And if your speakers have a balanced input, the correct unbalanced-to-balanced adapter retains most of the benefits of a fully-balanced connection.

(it doesn't always work the other way around... A balanced-output to an unbalanced input is trickier.)
 
Mine are unlikely to be longer than 3metres or 10ft so from what you say it sounds like I should be OK
 
Actually you could run 1000 foot unbalanced RCA interconnects to a battery powered receiver, with only small level and high frequency response loses.
Often with long interconnect cable runs, the components on each end are powered from different AC circuits. This can result in higher Common Impedance Coupling Noise (power line related hum/buzz). So use coax cables with a heavy braided shield.
 
Use well screened cable like RG6 or UR59 and you should be fine for any sensible domestic length. I used 7m for my Meridian actives with no problems.
S
 
Actually you could run 1000 foot unbalanced RCA interconnects to a battery powered receiver
If the cables are coaxial and impedance matching is maintained at both ends of the line.
 
You may still want to post a rundown of your current system and everything connected to it. It may prove advantageous to use RCA to XLR cables with an integrated R||C on the shield connection.
 
I'm talking about characteristic termination impedance, not about ohmic impedance of the input/output stages.

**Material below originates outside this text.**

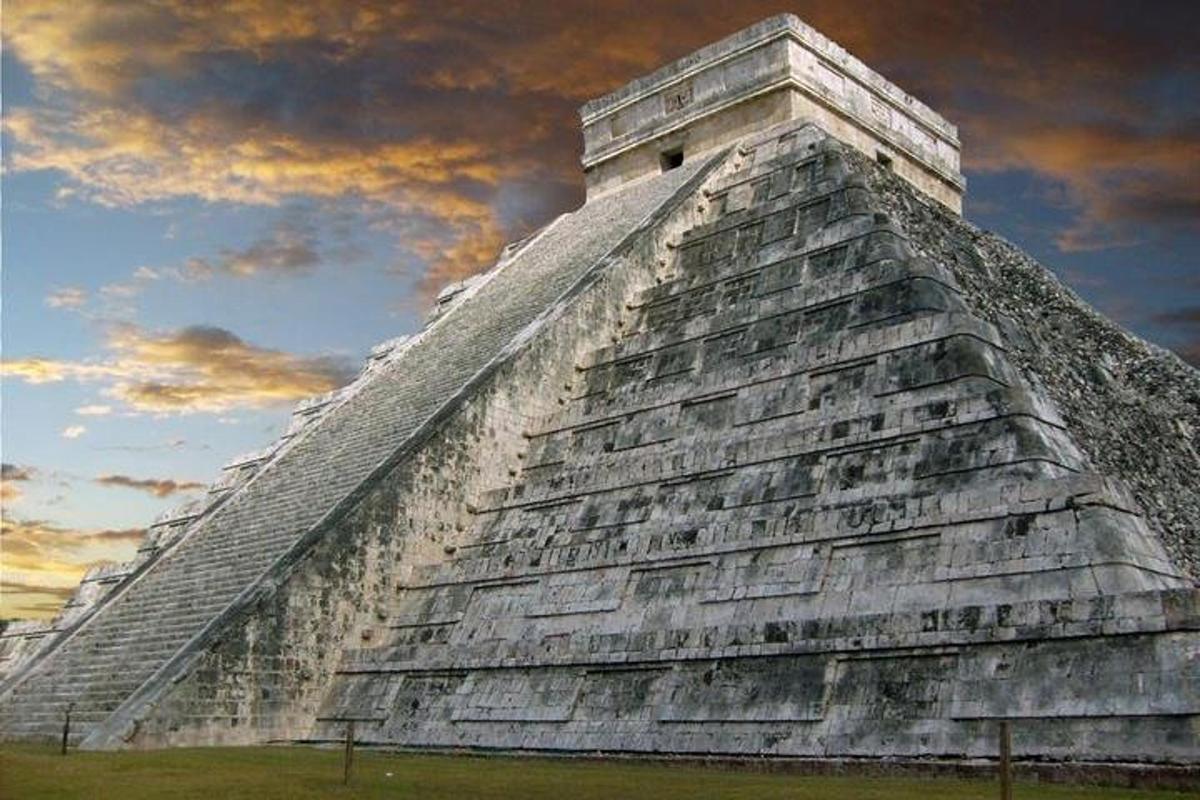 eine Pyramide mit einem bewölkten Himmel dahinter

Characteristic impedance matching is a transmission line topic, which is not a thing at audio frequencies (as stated in the article you linked). Analogue interconnects are not impedance matched - and don't need to be.

It only becomes an issue when cable length becomes a significant proportion of the electrical wavelength. The electrical wavelength of 20kHz is in excess of 14 kilometers. Unless your cable length is in excess of a couple of miles or so, you don't need to think about transmission line effects for audio.
 
As long as you aren't wiring from room-to-room, or between buildings, I'd consider that a "short" connection and you'll usually be fine.
IME that depends on the system, and level of ground noise. I've experienced ground loop noise with interconnect in the 1 to 2 meter region when a PC is in the mix.
 
Characteristic impedance matching is a transmission line topic, which is not a thing at audio frequencies (as stated in the article you linked). Analogue interconnects are not impedance matched - and don't need to be.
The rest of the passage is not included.